Professor Holmes said the widespread power outage in South Australia last year perfectly illustrated the flawed approach to integrating renewables into a network designed for coal-fired generation.
“If you’ve been keeping the existing system patched together, pushing it to its limits, not implementing an effective large-scale change … things start to break,” he said.
“You won’t get effective use of renewables if you fit it onto your existing system and just add it on as an extra, and that’s what we’ve been doing.”
‘The networks are too old’
A Senate inquiry into the electricity sector was told on Friday by the CSIRO that the technology (batteries, frequency control and synchronous condensers) already exists to move to 100 per cent renewable energy.
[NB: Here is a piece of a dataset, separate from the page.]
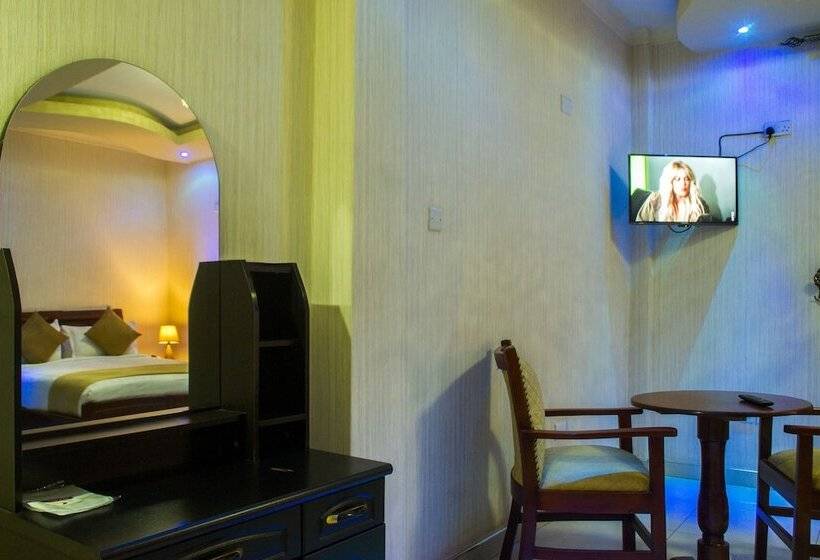 اتاق استاندارد, Eliana Kampala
Olivia Kember, head of policy at The Climate Institute, told The New Daily the electricity network is under enormous stress and that the current political climate is failing to address the problems faced by the ageing grid.
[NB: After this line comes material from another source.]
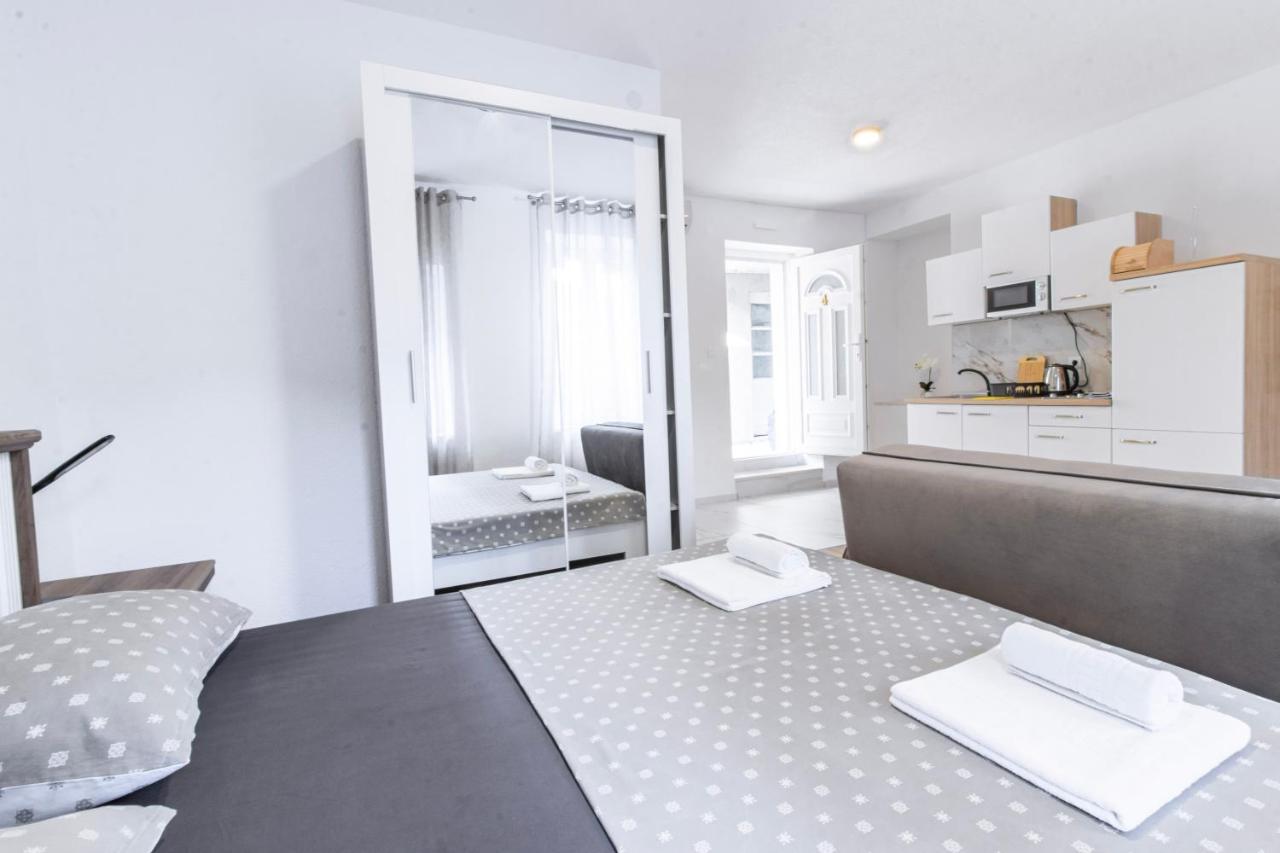 Apartments Florian Лопуд Екстер'єр фото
“You’ve got a system that’s already not really up to scratch for the 21st century from a technology point of view also having to deal with the impacts of climate change,” Ms Kember said.
“At the same time you’ve got a political debate which seems to be stuck in a rut of partisan finger pointing where there does not seem to be, from the [federal] government, enough interest in actually solving the problems facing our energy system.”
Both Ms Kember and Professor Holmes said a lack of a long-term plan for the country’s energy grid, particularly the lack of a market mechanism such as an emissions trading scheme to complement renewable energy targets, meant there was a lack of incentive for change.
“If you want to blame, I would blame all governments, state and federal, for the last five years at least because there hasn’t been an orderly, considered policy of where are we going, what is our alternative, how are we going to change,” Professor Holmes said.
‘Stop finger pointing and get on with it’
Friday’s Senate inquiry into electricity was also told by Energy Networks Australia, the peak industry body, that the political “finger pointing and uncertainty” over blackouts must stop so all governments can agree on a national “road map” to cut carbon emissions and provide affordable, reliable power.
Energy Networks Australia chief John Bradley said the existing COAG energy council does not work effectively and Australia’s electricity transmitters, distributors and gas companies are keenly awaiting the findings of an independent review to improve the “fragmented” system.
Asked about the South Australian blackouts, Mr Bradley told the Senate inquiry no one should rush to judgment on who was to blame.
“Blaming any party within two days of an event rather than a sober analysis of what happened is part of the problem.”
However, the SA electricity system should be reviewed to see if there are any ways to fix existing processes and better deal with extreme weather events, he said.
In its written submission, Energy Networks Australia called for a trading scheme for electricity generator emissions and incentives to move towards demand-based tariffs.
The ‘myth’ of clean coal
The federal government’s push to promote ‘clean coal’ technology, which includes carbon capture and storage (CCS), has also been criticised as being neither scientifically nor economically viable.
One of the main problems with CCS is that it would require additional coal to be burnt just to produce the required energy to capture the carbon emitted.
Dr Roger Dargaville, deputy director of the Melbourne Energy Institute, said energy companies do not see CCS or coal as viable investments.
“From our modelling work … carbon capture and storage is not cost effective compared to combinations of wind, solar, hydro and concentrating solar thermal,” he told The New Daily.
“No one’s going to build any new coal-fired power stations in Australia.”